A force $(3i + 4j)$ Newton acts on a body and displaces it by $(3i + 4j)$ meters. The work done by this force is:
A. 10 J
B. 5 J
C. 25 J
D. 12 J

Answer 1

In the question, we need to determine the work done by the force to displace the body. For this, we will use the relation between the work, force, and displacement, which is given as $W = F \cdot d$

Complete step by step answer:

The product (dot product if vectors are involved) of the force applied to the body and the displacement of the body due to the applied force is known as the work done by the force.

Here, the applied force is given as $F = (3i + 4j)$ , and the displacement of the body to the applied force is given as $d = (3i + 4j)$.

The square root of the sum of the squares of the absolute values of the vectors gives the equivalent scalar value of the vector.
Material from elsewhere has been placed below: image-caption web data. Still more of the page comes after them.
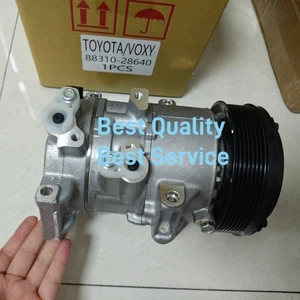 1X 88310-28640 6SEU16C Air Conditioning AC Compressor For Toyota VOXY 8831028640 - Picture 1 of 8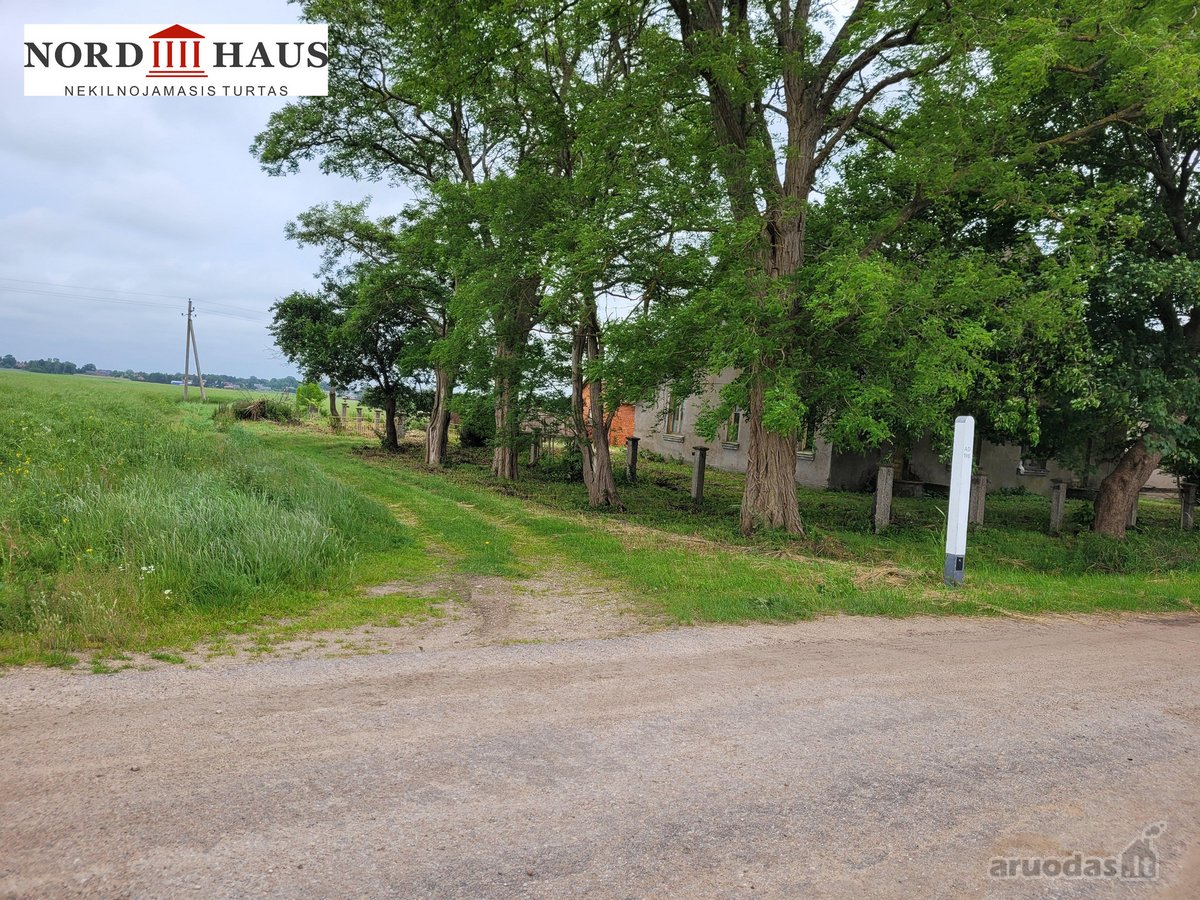 Unikaliame gamtos kampelyje, Jokšų kaime,6 km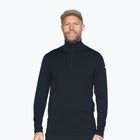 Кофта термоактивна чоловіча Devold Breeze Plus Merino 200 Zip Neck ink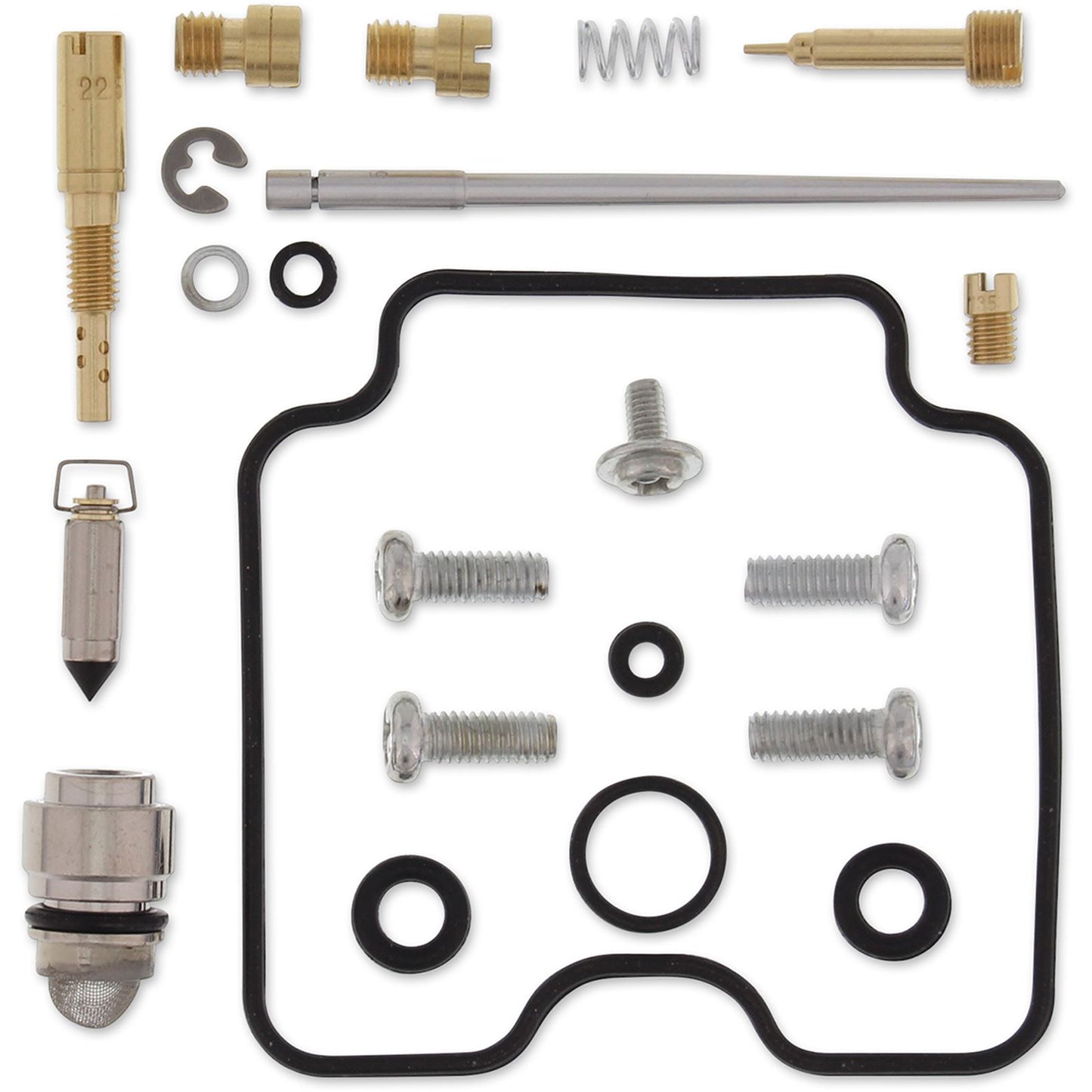 Moose Offroad Repair Kit Carburetor For Kawasaki 1003-0714_435082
$F = (3i + 4j) \\\ \left| F \right| = \left| {3i + 4j} \right| \\\ = \sqrt {{3^2} + {4^2}} \\\ = \sqrt {9 + 16} \\\ = \sqrt {25} \\\ = 5 \\\$

Similarly,

$d = \left( {3i + 4j} \right) \\\ \left| d \right| = \sqrt {3i + 4j} \\\ = \sqrt {{3^2} + {4^2}} \\\ = \sqrt {9 + 16} \\\ = \sqrt {25} \\\ = 5 \\\$

So, substitute $\left| F \right| = 5{\text{ Newton}}$ and $|d| = 5{\text{ meters}}$ in the formula $W = Fd$ to determine the work done by the force on the object.
$W = Fd \\\ = 5 \times 5 \\\ = 25{\text{ Newton - Meter}} \\\ = 25{\text{ joules}} \\\$

Hence, the work done by the force $(3i + 4j)$ Newton acted on a body and displaced it by $(3i + 4j)$ meters is 5 joules.

Option C is correct.

Note: It is to be noted here that the dot product gives the equivalent vector, which is aligned in the same direction. Alternatively, this question can also be solved by following the dot product of the vectors for the force and the displacement.

$$W = F \cdot d \\\ = (3i + 4j)(3i + 4j) \\\ = \left( {3i} \right)\left( {3i} \right) + \left( {4j} \right)\left( {4j} \right) \\\ = 9 + 16 \\\ = 25{\text{ joules}} \\\$$

Here, we have used the concept that $i \cdot i = j \cdot j = 1$ and $i \cdot j = j \cdot i = 0$ as the angle between the coordinate axes is ${90^0}$ and $\cos {90^0} = 0$.